There are many possibilities for research based tools in the realm of conspiracism.
Perhaps a susceptibility assessment tool? Do some comparative / correlative work to determine some key indicators for runaway pattern recognition, etc. I imagine this would take the form of a personality test rather than directly asking whether given statements are true/false. Of course, the results of such a test wouldn’t likely be heeded, and if it were, how would it be used? To assess job candidates / potential spouses / politicians? “I can’t vote for him, he scored a 93 out of 100 on the Davidson scale!”
Perhaps a conspiracy “shopping” center, answer a short questionnaire to indicate level of belief/interest in widespread, higher-profile conspiracy hypotheses to get referrals to others. “Based on your interest in these conspiracies, may we also suggest these other thrilling delusions?” Of course, the suggestion widgets at online book reailers already do this to a degree, but, to my knowledge, there is no referral engine for blogs, or other as yet print-unpublished schools of conspiratorial thought.
The Roswell project I spoke of above is listed in the Robert Anton Wilson book you mentioned. I stayed at his house and recorded a project with him.
I often wonder what he would think of birthers.
If you follow certain of these conspiracies it really does loop around; one conspiracy theory that’s been around for years (PROMIS / “the octopus”) has grown to include a Mafia/Mossad/Bush family/New World Order plot of genocide-by-vaccine, by way of a company owned by a certain Yosef Taitz … and that’s not even where it gets weird!
How do you cope with all the flashbacks 😉
“How do you cope with all the flashbacks?”
Never had a bad trip, so any flashbacks would be welcome!
Btw- Dr. Timothy Leary’ autobiography “Flashbacks” is a great read.
Btw#2: I highly, highly recommend the lesser known “Historical Illuminatus” trilogy by Robert Anton Wilson.
I’ve got the Historical Illuminatus. I’m pretty sure I got “The Earth Will Shake” about the time it came out, and I just happened to find “The Widow’s Son” at some obscure bookshop that was mostly into remainders about 5 years later. But it took me close to 20 years to finally find “Nature’s God” – thank Bob for “Falcon Publishing” picking up the baton on a troubled series.
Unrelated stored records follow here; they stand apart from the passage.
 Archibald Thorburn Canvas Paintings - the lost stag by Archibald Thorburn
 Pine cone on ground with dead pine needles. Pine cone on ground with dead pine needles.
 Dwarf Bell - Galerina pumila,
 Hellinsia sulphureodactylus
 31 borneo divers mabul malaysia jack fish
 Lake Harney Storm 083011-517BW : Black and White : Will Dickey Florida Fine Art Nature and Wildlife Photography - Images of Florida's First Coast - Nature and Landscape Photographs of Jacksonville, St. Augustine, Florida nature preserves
Too bad RAW didn’t get to finish the “Historical” series, it has always left me unsatisfied in its current state.
I asked Bob if he was ever going to finish the fourth book. He said “Do you want me to finish it?” When I eagerly said” yes”, he told me “Sigismundo drowns when his boat sinks in the Atlantic”.
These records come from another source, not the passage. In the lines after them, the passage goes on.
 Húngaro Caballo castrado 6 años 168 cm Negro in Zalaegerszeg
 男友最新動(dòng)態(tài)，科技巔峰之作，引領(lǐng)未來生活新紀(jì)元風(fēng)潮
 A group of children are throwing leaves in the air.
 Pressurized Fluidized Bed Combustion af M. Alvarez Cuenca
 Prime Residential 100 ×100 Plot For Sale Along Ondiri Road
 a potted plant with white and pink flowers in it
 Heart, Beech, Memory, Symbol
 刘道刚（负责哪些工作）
He was teasing me and making a very Bob-esque point. As the author, whatever he said was the ending had to be considered as such. He said he tells everyone who asked him a different ending.
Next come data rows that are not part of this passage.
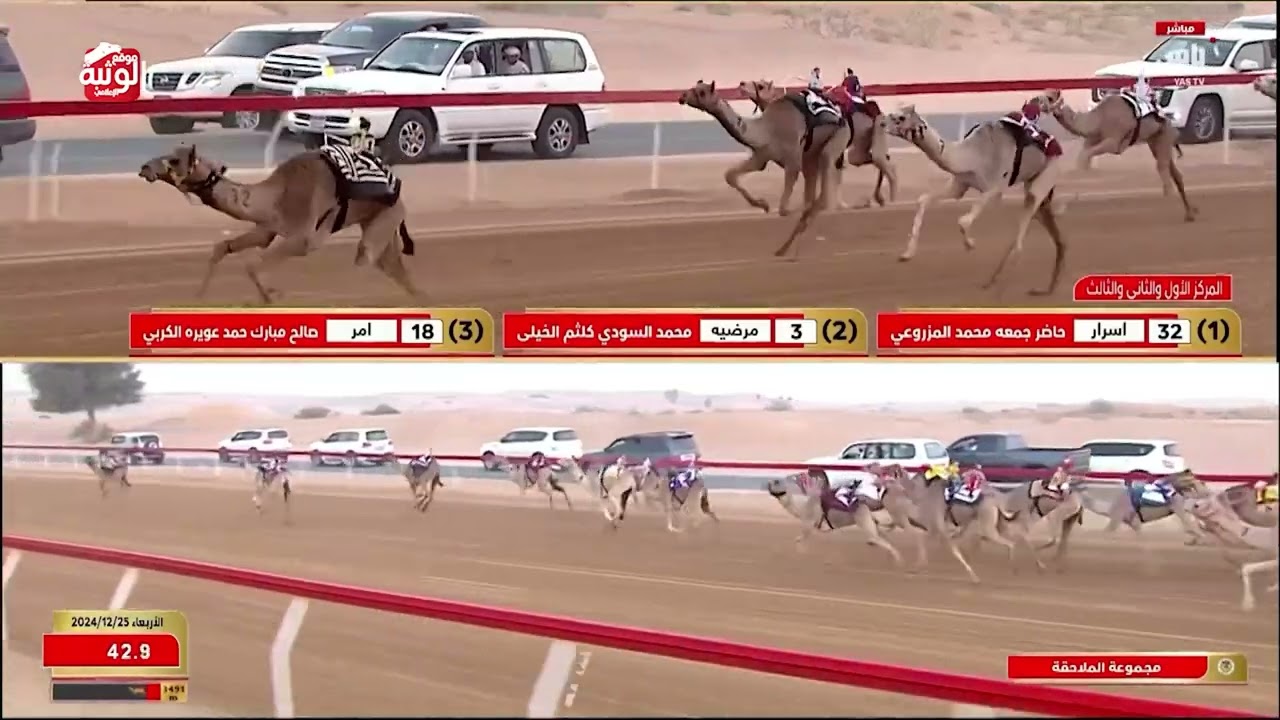 الشوط 1 (شخصيه) لـ اسعد سعيد راشد الجحافي 6:02:67 مهرجان الشيخ محمد بن زايد 2024/12/25 حقايق اللبسة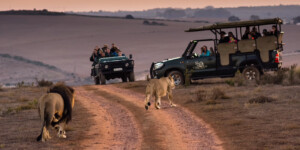 Big Five Safari in South Africa 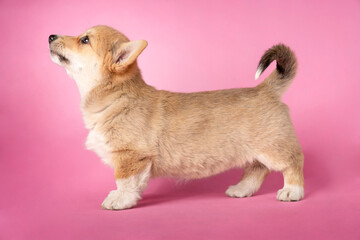Prezentacja sylwetki szczeniaka welsh pembroke corgi © nitka_zaplatana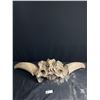 Image 1 : Prehistoric Bison Head and Horns 35" Tip to Tip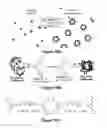 Fig. 19 - Suprametallogels and uses thereof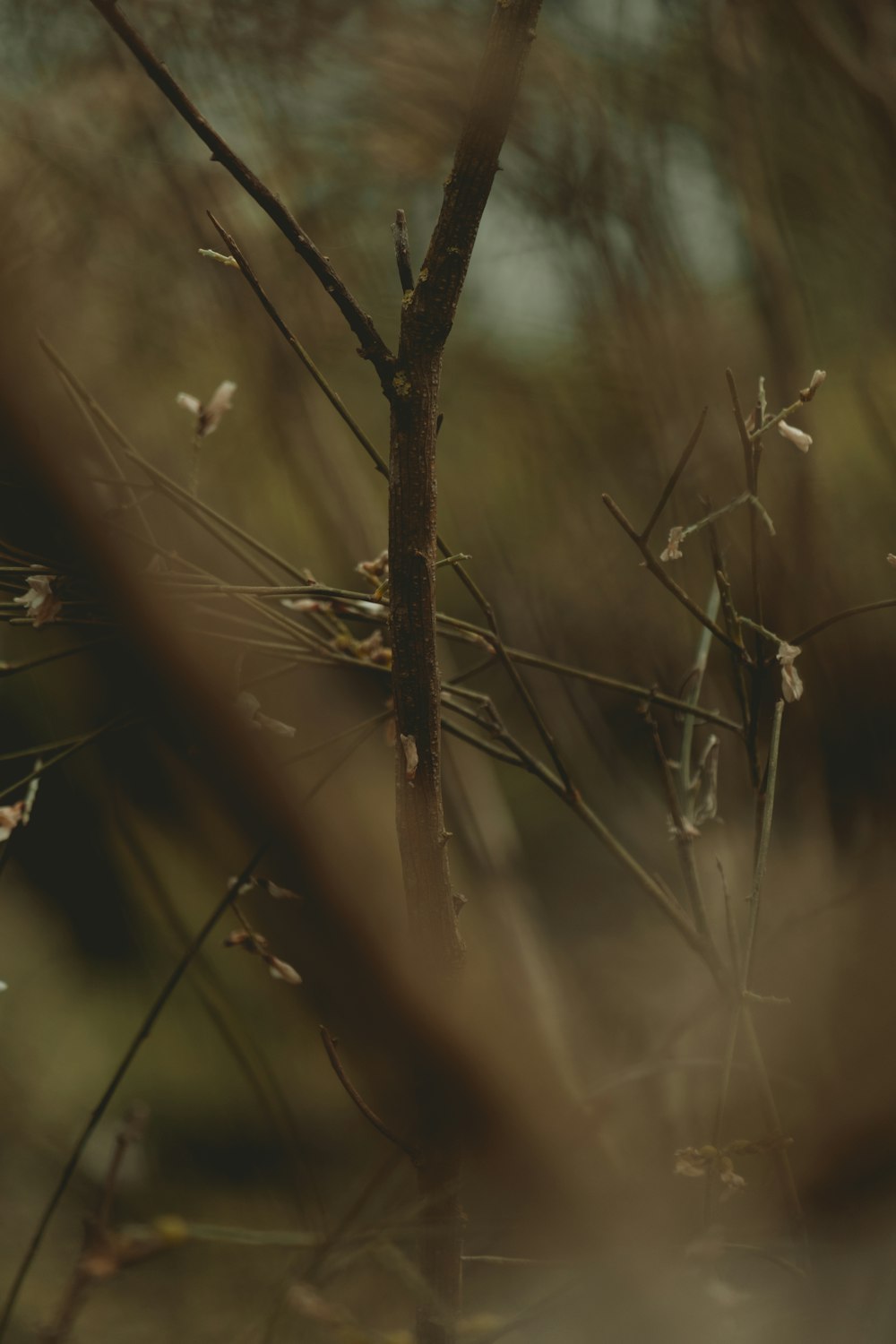 a blurry photo of a tree branch with leaves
PS- I am currently at a “Pulp” convention. I just found 9 used copies of RAW books, including the Historical Illuminatus Chronicles, for a buck each. As you know, Bob loved coincidences. He also coined the term “Coincidence Theorists” for people who always dismissed every alleged conspiracy as a mere coincidence.
Great story. Thanks.
Saying something is a lie no more makes it a lie than saying something is true makes it true. If you want to dispute what Ebert has to say about Ben Stein’s movie, point out where he is wrong and produce evidence to back up your claims.
The fact that you consider the Theory of Evolution to be an explanation of the origins of life tells me that you don’t know what you are talking about. As for me, I am not a scientist, but when 99.9% of the scientific community declares that evolution is a fact, I am inclined to believe it, just as I believe the scientific community when I am told that Earth is approximately 93 million miles from the sun.